Existing vet requirements already protect animals from unnecessary euthanasia. There is no evidence of widespread unnecessary euthanasia requiring a government review or new reporting requirement.

Making a decision to euthanise an animal is often a complex, emotional and challenging decision, particularly when that animal is a much-loved family pet. Veterinary surgeons play an integral part in the decision to carry out euthanasia, in particular in relation to companion animals.

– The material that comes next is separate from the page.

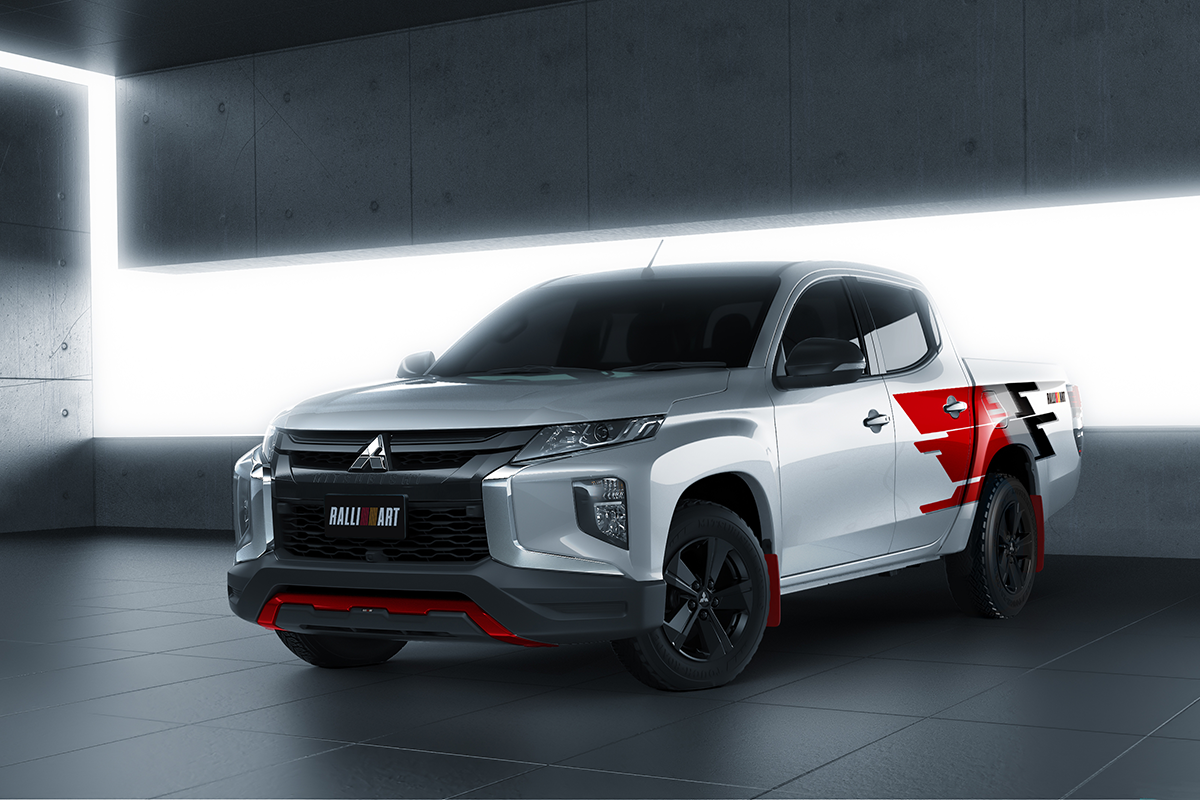 The Glorious Relaunch Of Mitsubishi Ralliart Involves...Stickers And Mudguards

Euthanasia of an animal is an important means to help protect animal welfare by being able to relieve suffering. Whilst this is the primary reason for euthanasia, a veterinary surgeon must also take account of the owners’ wishes and circumstances. Advice about euthanasia is laid out in the guidance underpinning the Royal College of Veterinary Surgeons (RCVS) Code of Professional Conduct for Veterinary Surgeons, which all veterinary surgeons practising in the UK must adhere to. Where a veterinary surgeon considers a request for euthanasia is not in the best interest of the animal, they can and do challenge this.

Last year the RCVS guidance was updated to provide greater assurance that alternatives to euthanasia are explored before a dog is put down (the Tuk’s Law principle). It now requires veterinary surgeons to scan for a microchip in dogs prior to euthanasia where, in their professional judgement, it is not necessary to put the dog down on animal health or welfare grounds.

Checking the details on the relevant microchip database reveals who the animal’s registered keepers are and can also alert the veterinary surgeon to anyone else who may have an interest in the animal. This may include rescue centres which have entered support back-up information on the microchip record. This information can help inform consideration about alternatives to euthanasia.

In March 2022 we launched a consultation to seek views on changes to current microchipping legislation which, if adopted, may make it easier and simpler for veterinary surgeons when they apply this RCVS guidance, for example by making it easier to access microchip database information. When compulsory cat microchipping is introduced, we expect that the RCVS will also consider applying this guidance on euthanasia to cats as well as to dogs. Other aspects of euthanasia guidance underpinning the RCVS Code of Professional Conduct for Veterinary Surgeons already apply to all animals.

The Animal Welfare Act 2006 ensures there are safeguards in place to protect the welfare of animals, including those undergoing euthanasia. We have not seen evidence of widespread unnecessary euthanasia and we do not consider that the case for a review or for a new reporting requirement has been established. A review may also have resource implications for both the veterinary profession and for the Government.